- What you need to do -
Go to the line that contains "Vidaxl tweezitsbank sectioneel" in the listing below, then output it and every line after it exactly, omitting pictures.

-=-=-=-=-

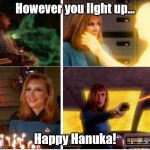 Four Lights Crusher | However you light up... Happy Hanuka! | image tagged in four lights crusher | made w/ Imgflip meme maker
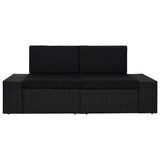 Vidaxl tweezitsbank sectioneel poly rattan zwart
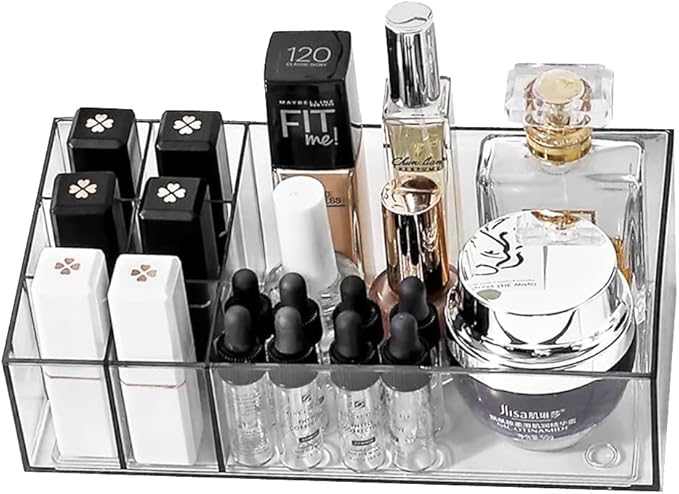 NOBLEPOSH Clear Acrylic Makeup Organizer | Vanity Tray for Lipstick, Perfumes, Eyeshadow & Cosmetics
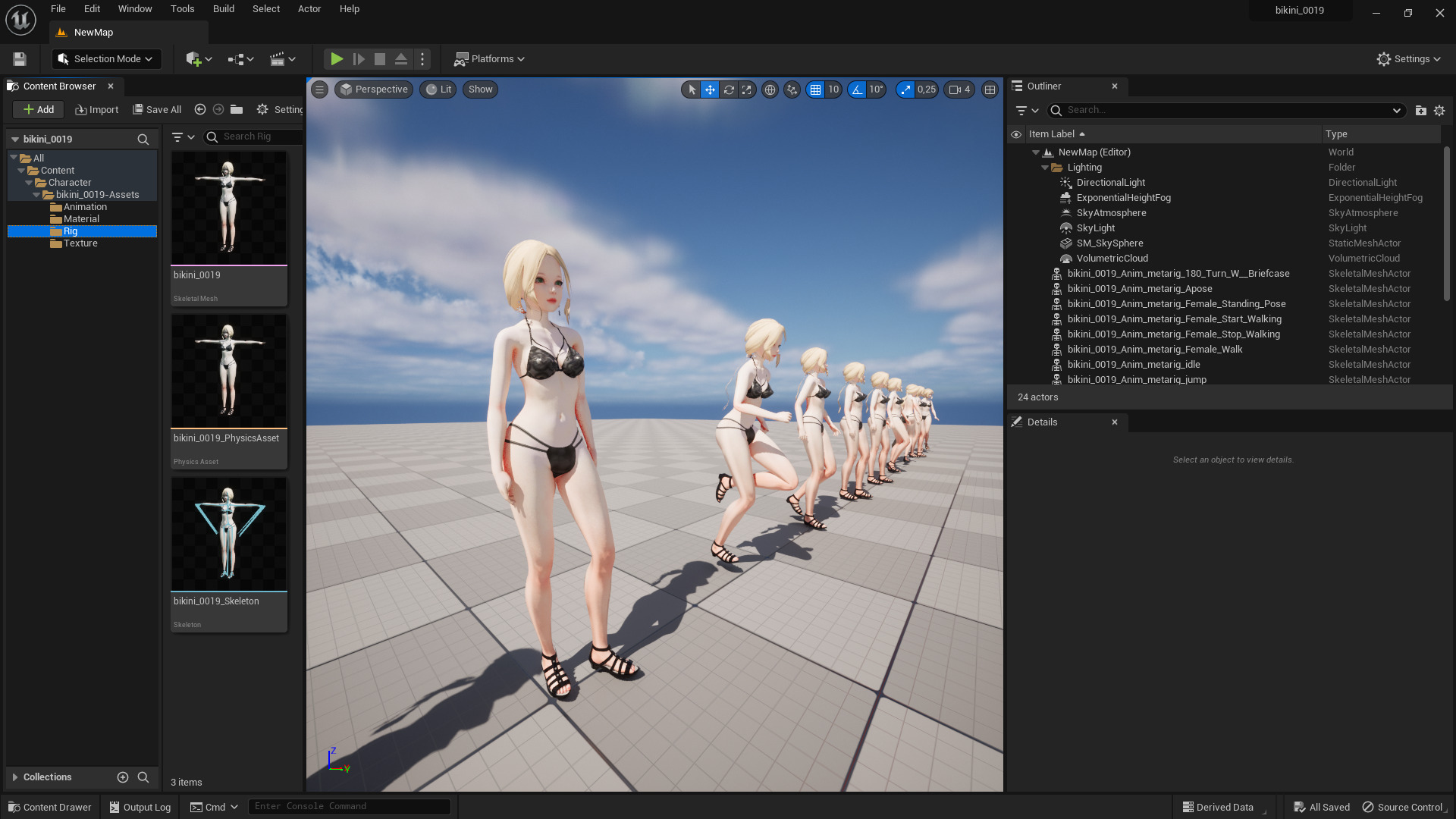 Bikini clothes 0019 - Rig -Unreal - Unity - Blender - Animated Low-poly 3D model_8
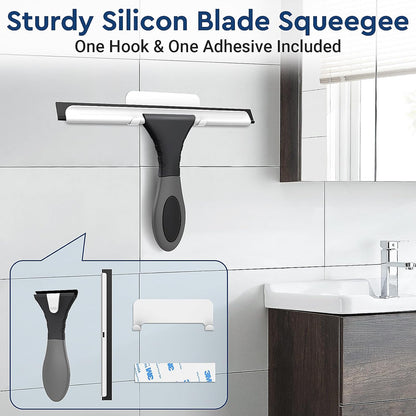 All-Purpose Silicone Shower Squeegee for Glass, Window, Door, Mirror, Car Windshield & Tile Wall, Portable Cleaner Tools, Includes One Hook & One Adhesive,10 Inches (Black)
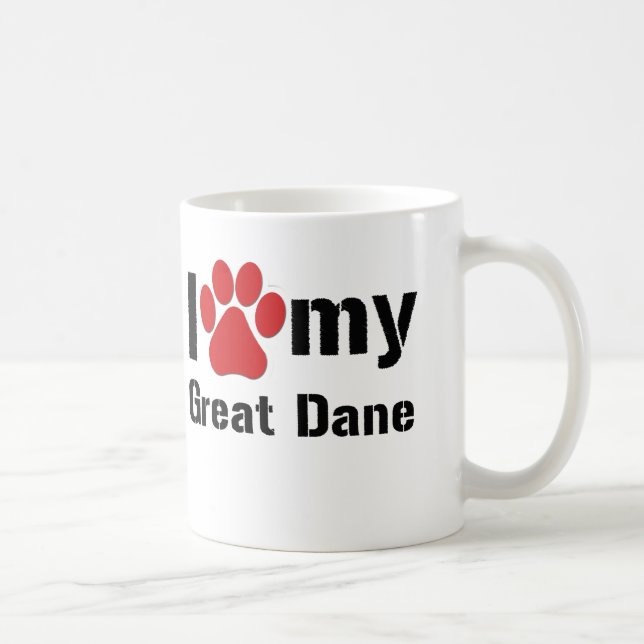 Taza De Café Amo mi great dane (Derecha)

-=-=-=-=-

- Worked solution -
 Vidaxl tweezitsbank sectioneel poly rattan zwart
 NOBLEPOSH Clear Acrylic Makeup Organizer | Vanity Tray for Lipstick, Perfumes, Eyeshadow & Cosmetics
 Bikini clothes 0019 - Rig -Unreal - Unity - Blender - Animated Low-poly 3D model_8
 All-Purpose Silicone Shower Squeegee for Glass, Window, Door, Mirror, Car Windshield & Tile Wall, Portable Cleaner Tools, Includes One Hook & One Adhesive,10 Inches (Black)
 Taza De Café Amo mi great dane (Derecha)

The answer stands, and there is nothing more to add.